> [Work required] Your copy must hold every line of the records word for word. It must hold no pictures.

> [Supplied records]

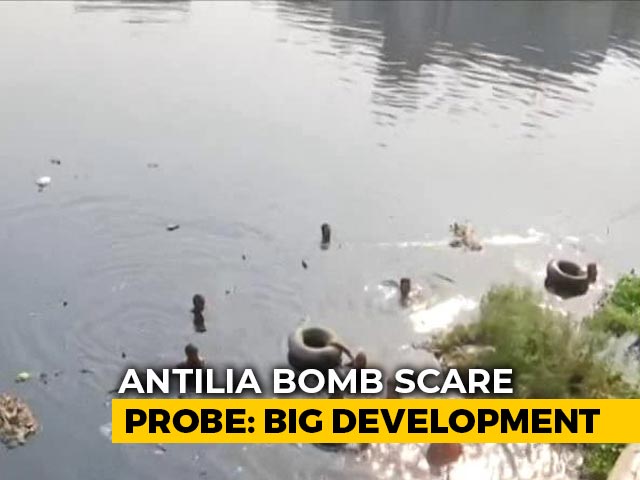 Hard Disk Found In Mumbai River, Cop Sachin Waze At Site: Probe Agency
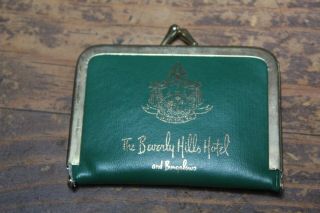 Vintage The Beverly Hills Hotel Travel Sewing Kit Purse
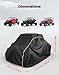 KEMIMOTO UTV Cover 4 Seater Compatible with Polaris RZR Pro XP 4, Ranger Crew 1000, Kawasaki Teryx KRX 4 1000, Can-Am Defender MAX, Commander MAX, Uforce 1000 XL, Pioneer 1000-6, 162''x66''x73''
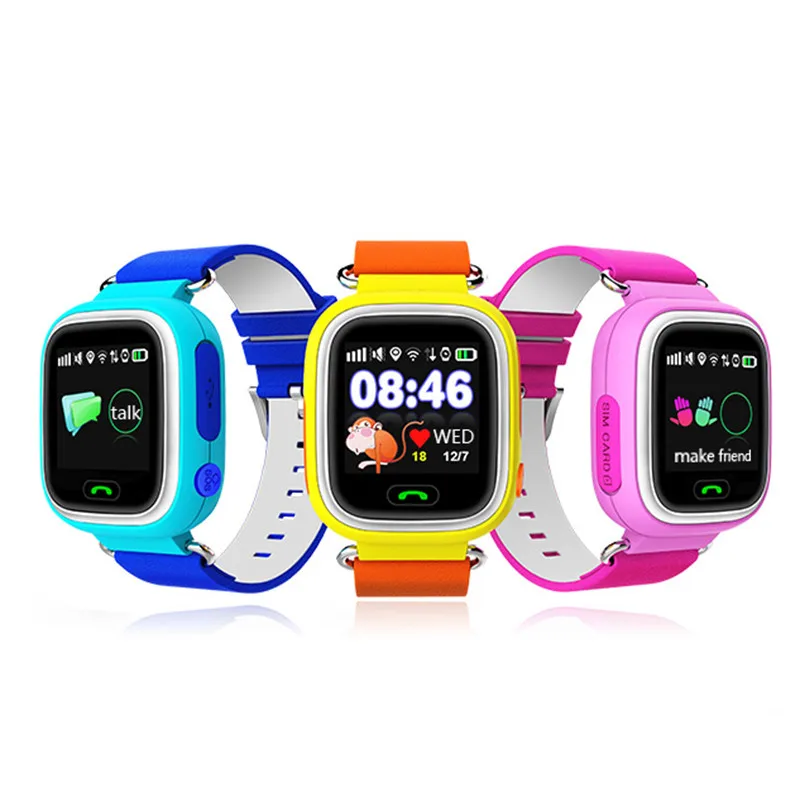 

Q90 GPS WIFI Smart Watch Fashion Children Watch Anti Lost Monitor SOS GPS Tracker Russian version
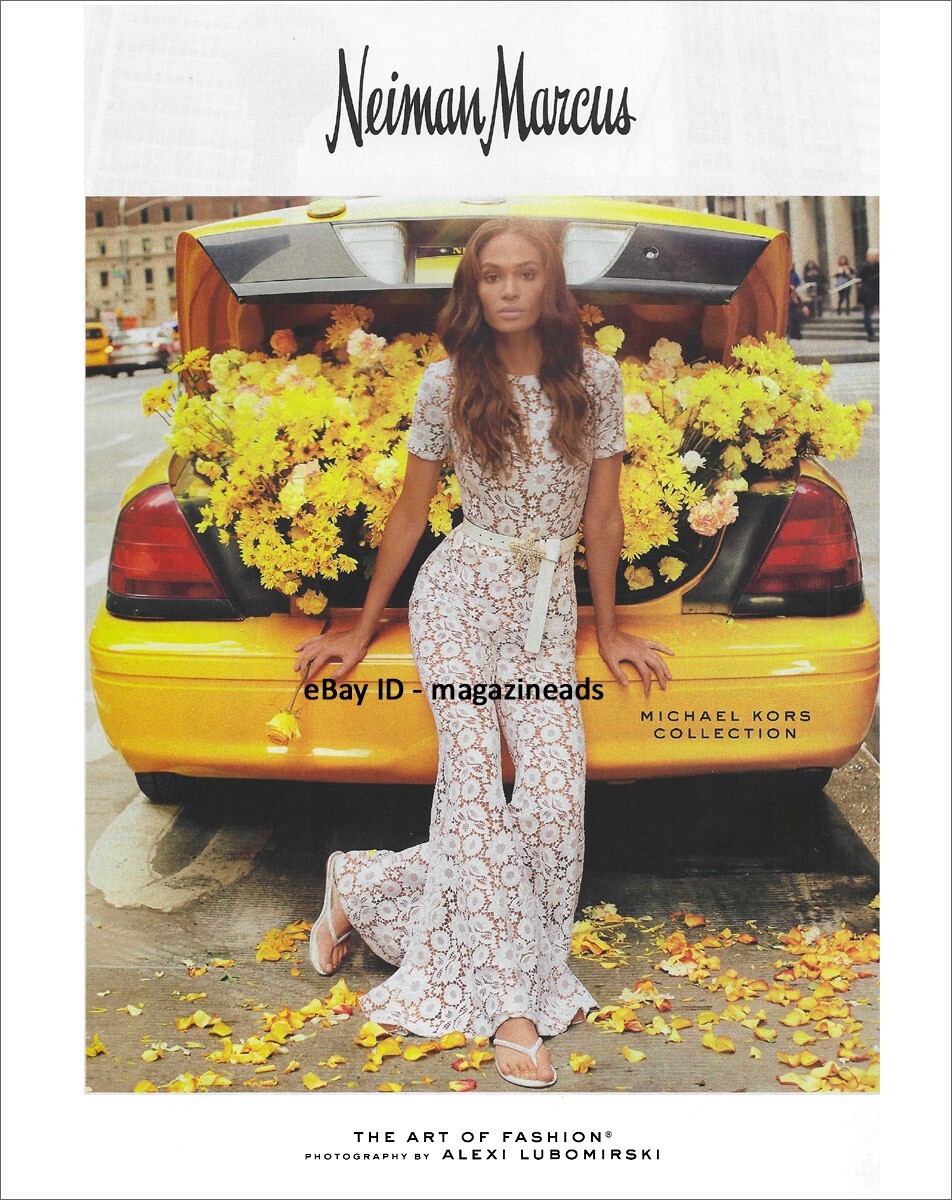 NEIMAN MARCUS 13-Page PRINT AD 2019 The Art of Fashion JOAN SMALLS New York  City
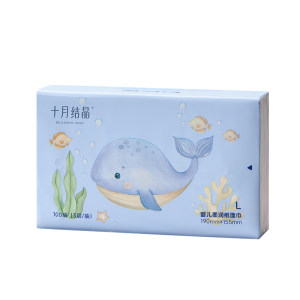 October crystal baby soft paper for baby hand and mouth soft cream paper towel soft paper towel 100 pump * 35 pack

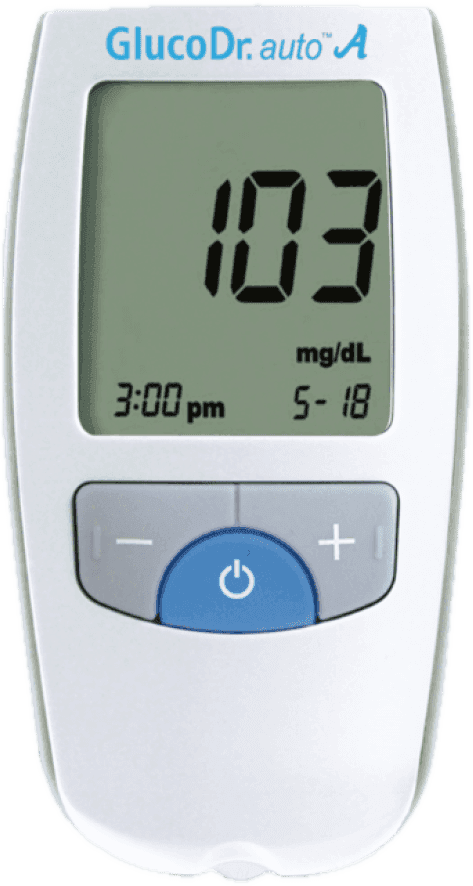 GlucoDr auto A blood glucose meter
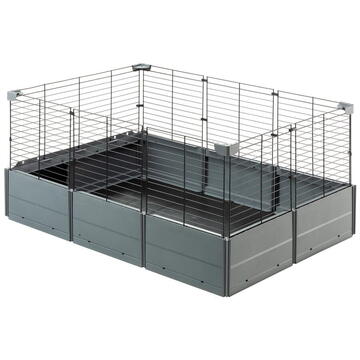 Custi, tarcuri si colivii FERPLAST Cușcă modulară fără acoperiș pentru un iepure
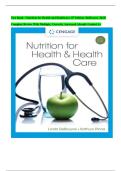 Nutrition for Health and Healthcare &ndash; 8th Edition &lpar;DeBruyne&comma; 2025&rpar; &vert; Complete Test Bank with Correct Answers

> [Solution to this exercise]
 Hard Disk Found In Mumbai River, Cop Sachin Waze At Site: Probe Agency
 Vintage The Beverly Hills Hotel Travel Sewing Kit Purse
 KEMIMOTO UTV Cover 4 Seater Compatible with Polaris RZR Pro XP 4, Ranger Crew 1000, Kawasaki Teryx KRX 4 1000, Can-Am Defender MAX, Commander MAX, Uforce 1000 XL, Pioneer 1000-6, 162''x66''x73''

Q90 GPS WIFI Smart Watch Fashion Children Watch Anti Lost Monitor SOS GPS Tracker Russian version
 NEIMAN MARCUS 13-Page PRINT AD 2019 The Art of Fashion JOAN SMALLS New York  City
 October crystal baby soft paper for baby hand and mouth soft cream paper towel soft paper towel 100 pump * 35 pack

 GlucoDr auto A blood glucose meter
 Custi, tarcuri si colivii FERPLAST Cușcă modulară fără acoperiș pentru un iepure
 Nutrition for Health and Healthcare &ndash; 8th Edition &lpar;DeBruyne&comma; 2025&rpar; &vert; Complete Test Bank with Correct Answers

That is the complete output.